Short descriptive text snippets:

________________________

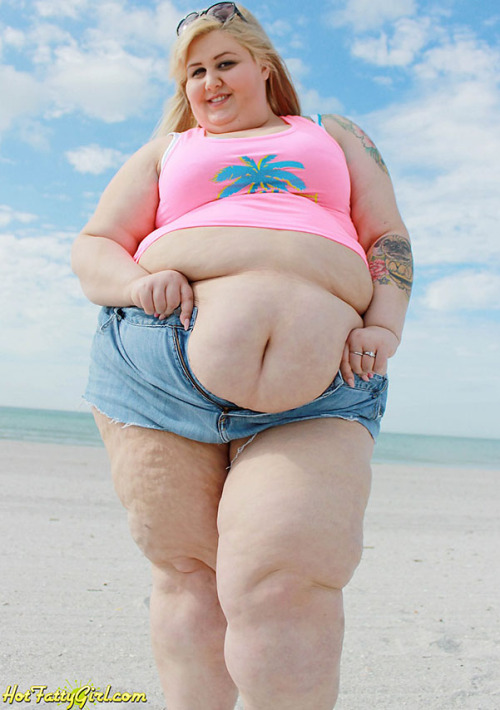 sellyoulite:

nothing more sexy, than a girl in pursuit of obesity !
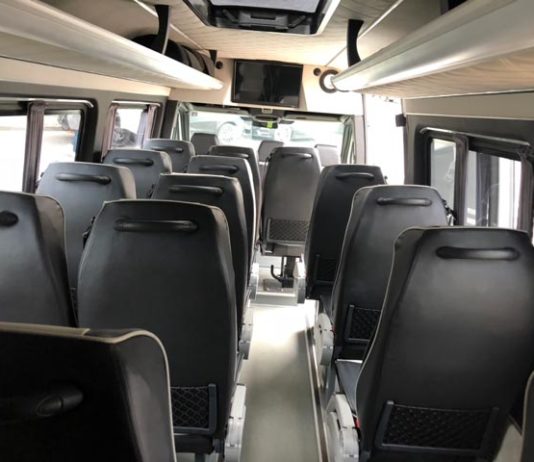 На что обратить внимание при заказе микроавтобуса?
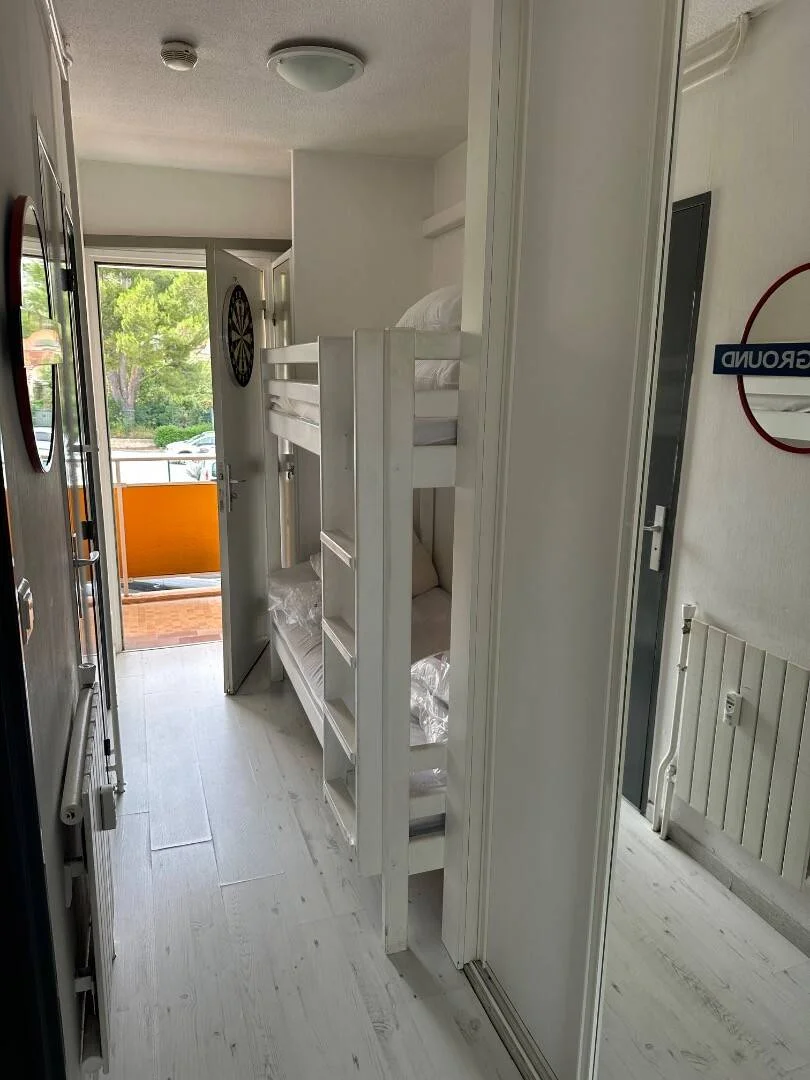 Functional student room perfect for studying in 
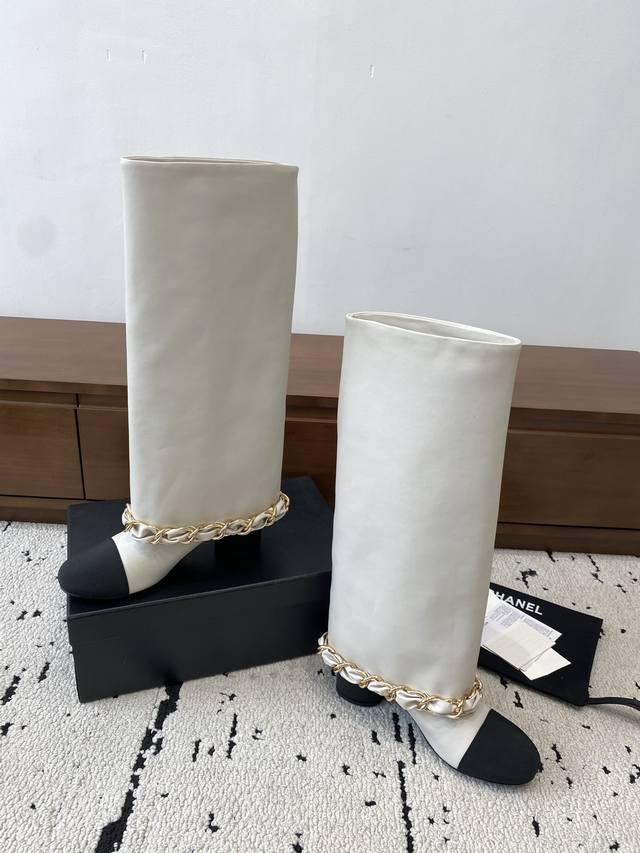 高版本 Chanel 2025S秋冬系列厚底高短靴，高筒和矮简两款分别用进囗牛皮打造，外增高度5Cm超显腿长， 靴筒口上沿用了香奈儿经典链条，小美美特别喜欢，这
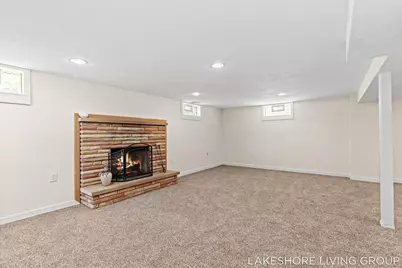 512 Orchard Avenue, Grand Haven, MI 49417 - Photo 28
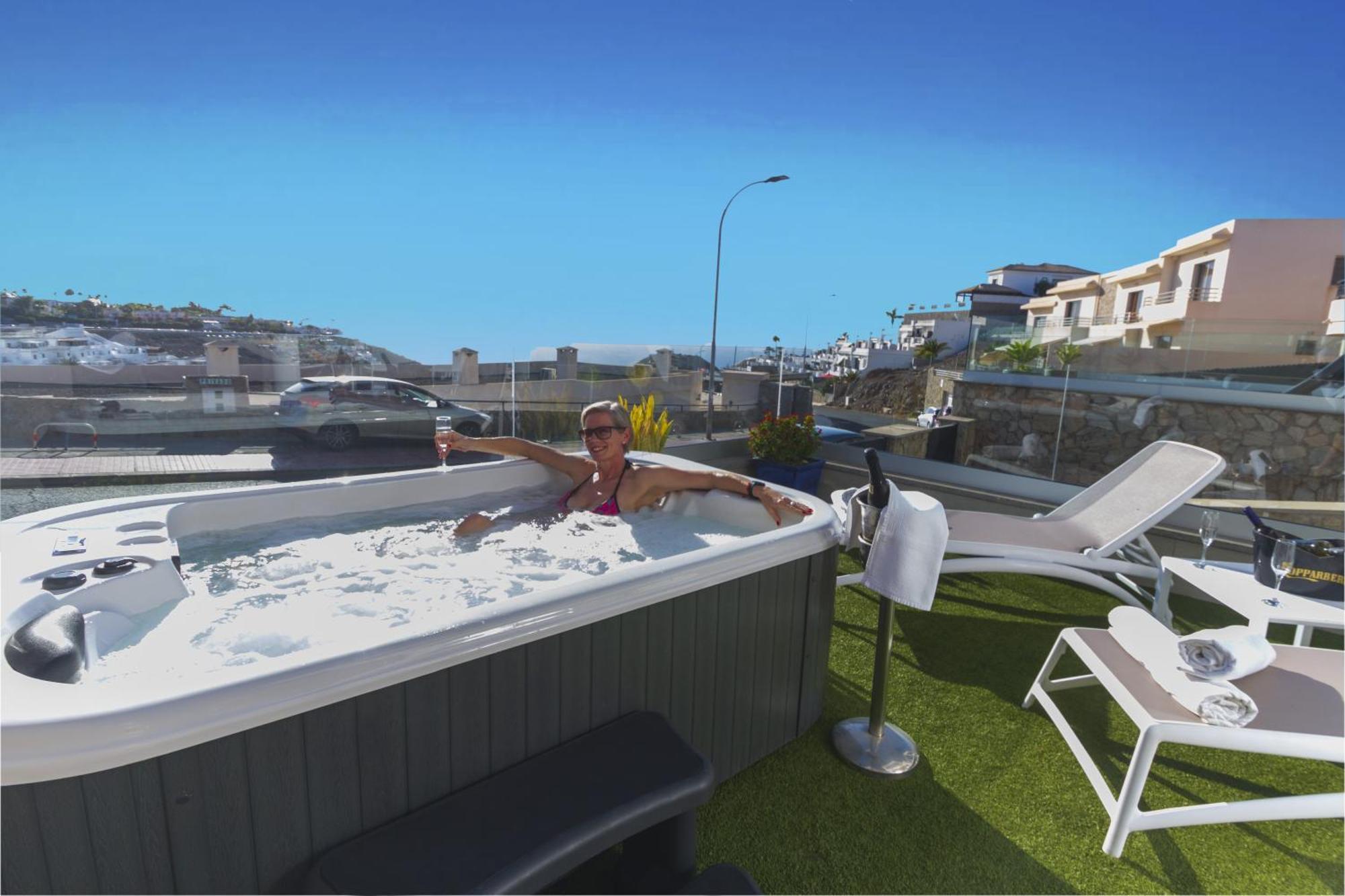 Amadores N6 * Puerto Rico (Gran Canaria)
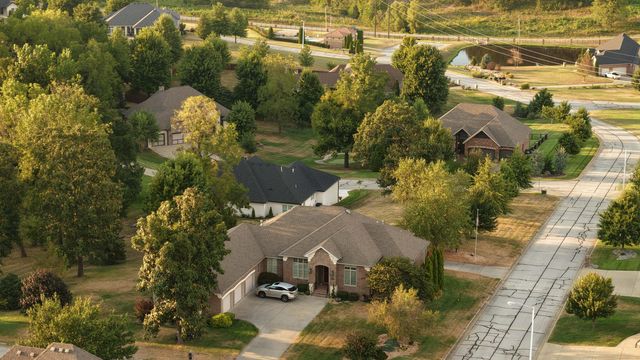 905 W Rufina Court, Nixa, MO 65714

________________________

WORK INSTRUCTION — Set down word for word the lines from the first entry through the line with "512 Orchard Avenue, Grand", both included, omitting pictures.

RESULT FOR THIS TASK —
 sellyoulite:

nothing more sexy, than a girl in pursuit of obesity !
 На что обратить внимание при заказе микроавтобуса?
 Functional student room perfect for studying in 
 高版本 Chanel 2025S秋冬系列厚底高短靴，高筒和矮简两款分别用进囗牛皮打造，外增高度5Cm超显腿长， 靴筒口上沿用了香奈儿经典链条，小美美特别喜欢，这
 512 Orchard Avenue, Grand Haven, MI 49417 - Photo 28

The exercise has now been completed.